The enforced silence about what went down in the session only invites speculation, an invitation that this blog is happy to accept. Perhaps MSNBC’s Schultz proclaimed to the president, “We at this table have your back, Mr. President.” Perhaps the president expressed disappointment that these left-leaners aren’t hitting the opposition squarely enough. Perhaps someone mentioned Fox News, and everyone else just sat there shaking their heads. Perhaps the president solicited advice from the group, though a journalist who has attended off-the-record White House sessions in the past says that’s unlikely. “It’s my hunch based on my limited experience that presidents are more interested in explaining themselves rather than seeking advice,” says the journalist. For all we know, the attendees pressed the president to place things on the record, yet they somehow feel bound not to talk about such efforts.

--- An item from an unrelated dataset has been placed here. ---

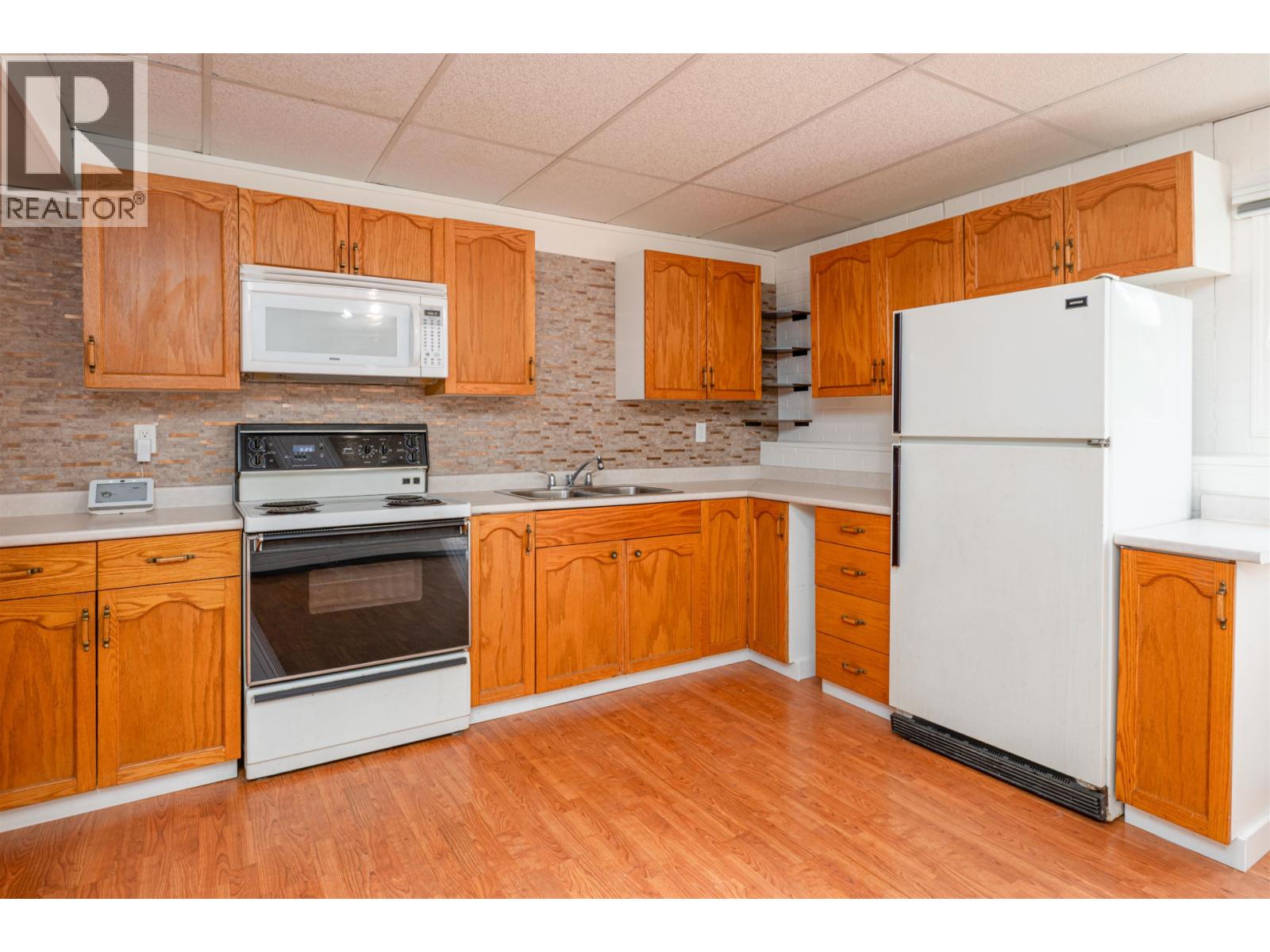 8396 CANTLE DRIVE, Prince George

Enough hammering on the journalists in attendance. The real problem here is a president who fears the record, or at least groups of reporters hungry for answers. The oft-cited Towson University Professor Martha Joynt Kumar has compiled numbers documenting the president’s lack of availability when it comes to news conferences and Q&A sessions with reporters. Yet, in fairness, Obama outpaces others in terms of interviews granted. (568, compared to 190 for George W. Bush, 187 for Bill Clinton, 294 for George H.W. Bush and 224 for Reagan over a comparable period).